Transparent Wikipedia visualization

At the coffee machine the other day I was talking to John Winn about my forthcoming intern project with Linda Becker, and about the new word tree visualization on Many Eyes that I found. Fernanda Viegas and Martin Wattenburg gave a riveting PARC talk about Many Eyes which I picked up from Andrew‘s post on his Information Aesthetics blog. In it they mention the surprising (to them) number of text based data sets (e.g. Shakespeare plays) which were uploaded to Many Eyes. But Many Eyes only had one simple text visualization – the tag cloud; so Fernanda and Martin locked themselves away for a week and brainstormed hundreds of text visualizations. Then their team implemented the best one of them, the word tree. I do like the text tree, here’s how it is described on the Many Eyes site:

A word tree is a visual search tool for unstructured text, such as a book, article, speech or poem. It lets you pick a word or phrase and shows you all the different contexts in which it appears. The contexts are arranged in a tree-like branching structure to reveal recurrent themes and phrases.

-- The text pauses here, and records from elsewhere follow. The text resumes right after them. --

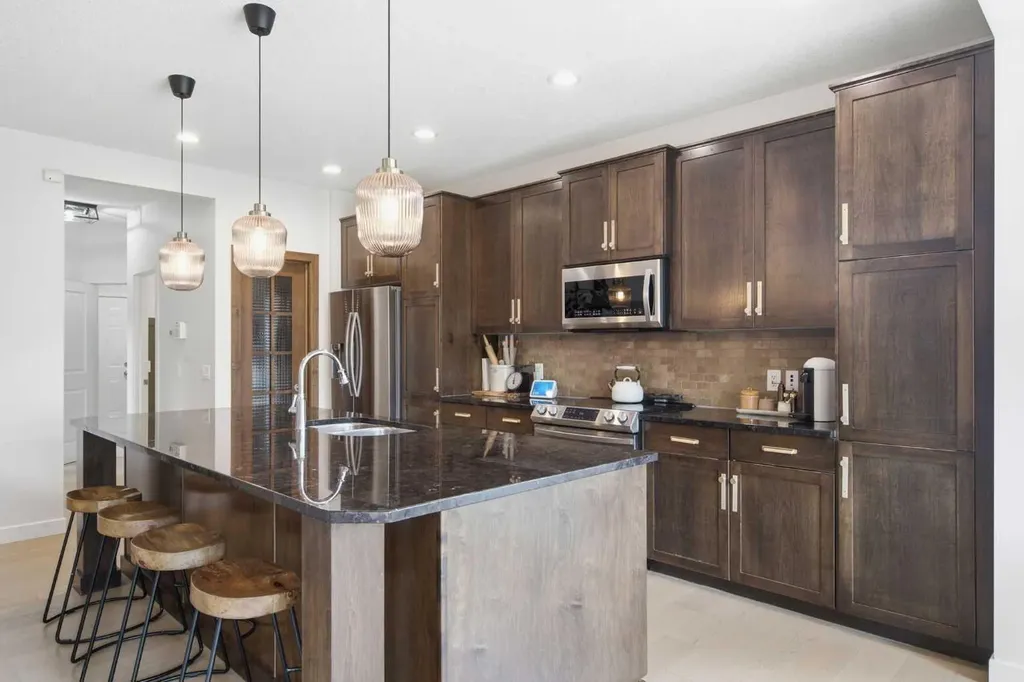 23 Cranridge Crescent SE Calgary AB T3M 0J2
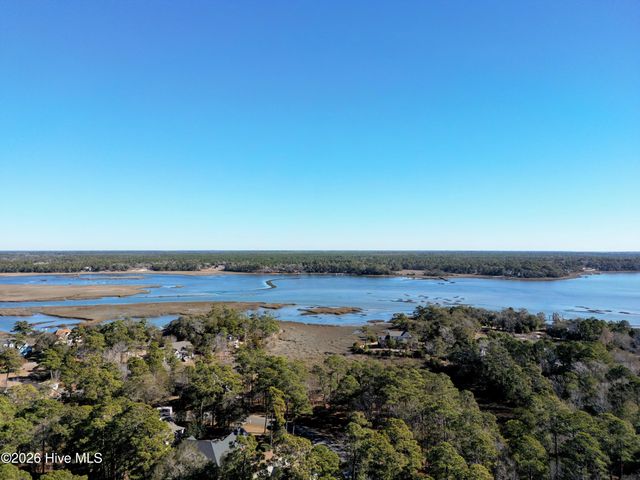 274 Genoes Point Road SW, Supply, NC 28462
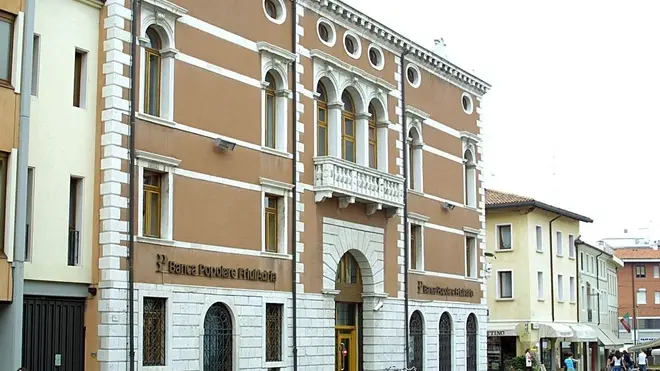foto missinato pordenone 16.06.04 pordenone veduta del palazzo badin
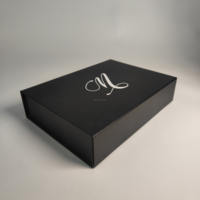 Boîte d'emballage en carton rigide magnétique noir de luxe avec logo personnalisé en gros, insert en mousse, laminage mat, recyclable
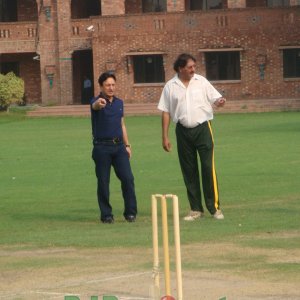 Abdul Qadir and Safraz Nawaz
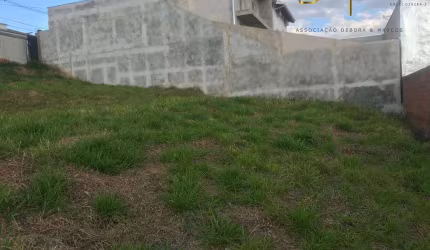 Terreno á venda no Jardim Itália com 750m² em Botucatu-SP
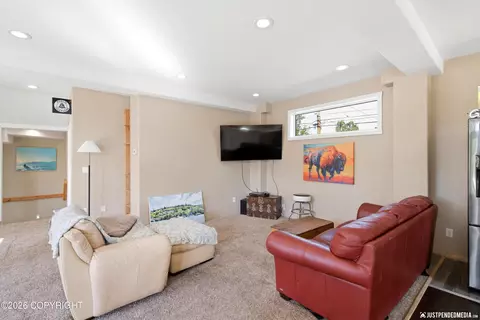 Living - 325 E 11th Ave, Anchorage, AK 99501 photo 2 of 3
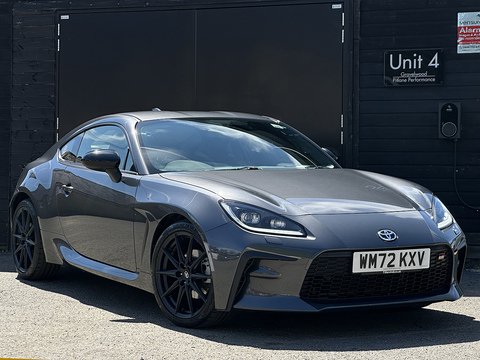 2.4 Boxer D-4S Coupe 2dr Petrol Manual Euro 6 (234 ps)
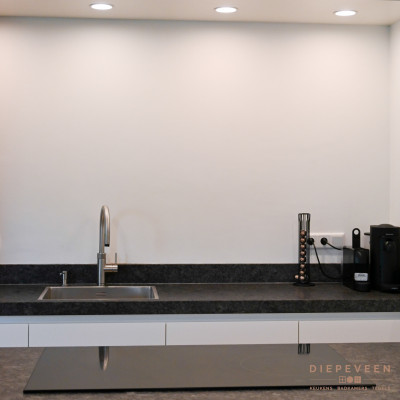 Voorzien van een inductiekookplaat van Pelgrim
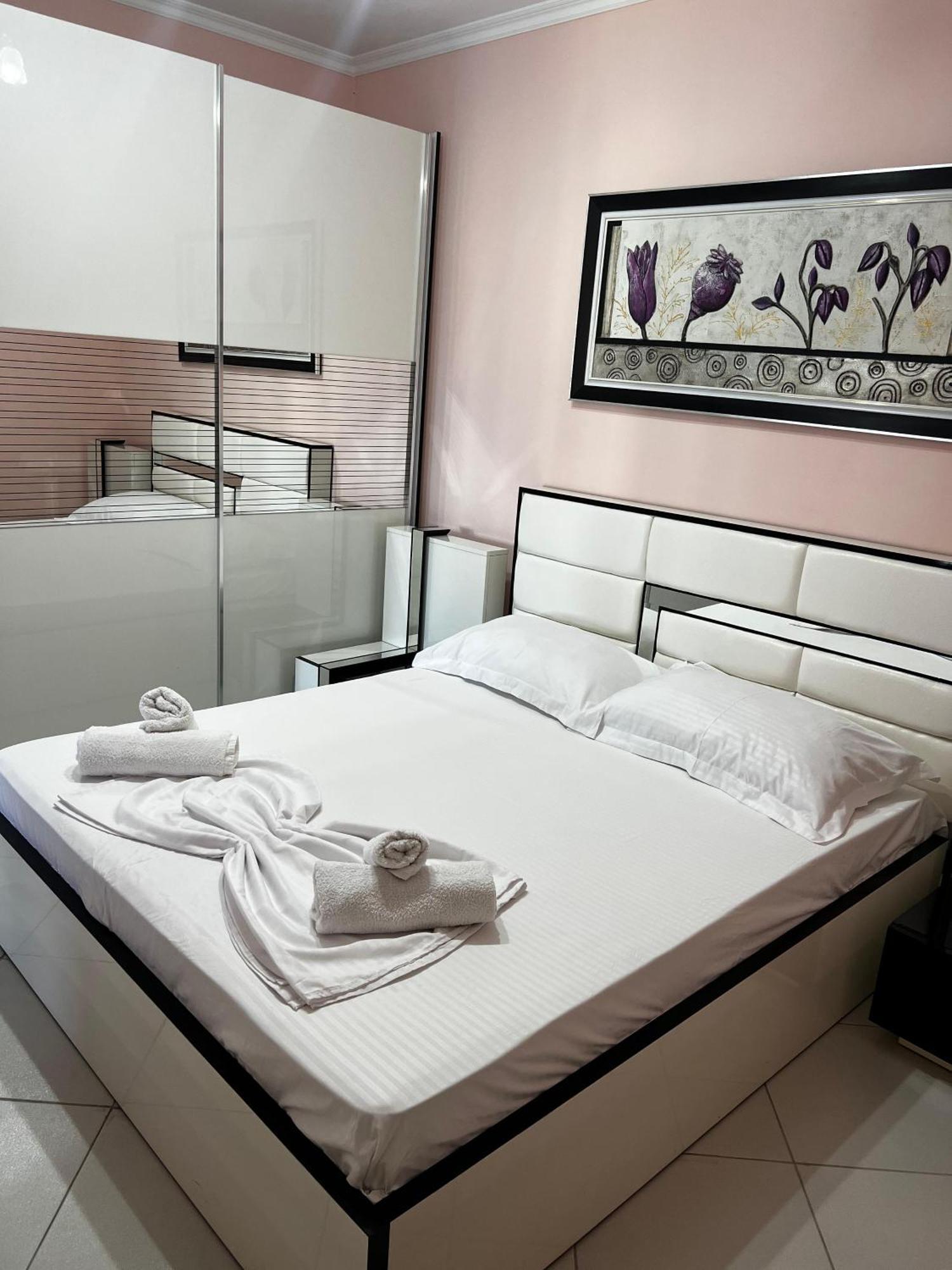Amy'S Luxury Appartment Shkodër Eksteriør bilde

Martin gives a number of examples of its use on Many Eyes, from political speeches, through literary texts, to a funny example of the text people use in lonely hearts ads:

Back to the subject of this post. John wasn’t familiar with Fernanda’s work visualizing the history of Wikipedia articles. So I explained History Flow, the 2003/2004 work building visualizations like this one to show the build up of different authors’ edits of a Wikipedia article. History Flow is written up in a brilliant CHI paper that shows just how much Wikipedia behaviour can be gleaned from studying these diagrams.

But the diagram, the visualization, is separate from the page itself. One couldn’t stare at the diagram and thus read the source article. It turns out that John had done his own visualization of Wikipedia pages. John reasoned that edits to a page can be thought of as a quality metric, i.e. a piece of text that survives multiple edits is likely to be of reasonable quality. Here’s that example of John’s idea again:

John describes the idea on his Wikipedia user page : the age of the text is reflected by its colour so that standard text is over two years old whereas text that is only ten minutes old is rendered on a red background. I’m not sure this is the best way to do it – the red colouring both draws attention to the new text and also makes it harder to read, but there is something interesting about the data visualization not obstructing one’s reading of the source article.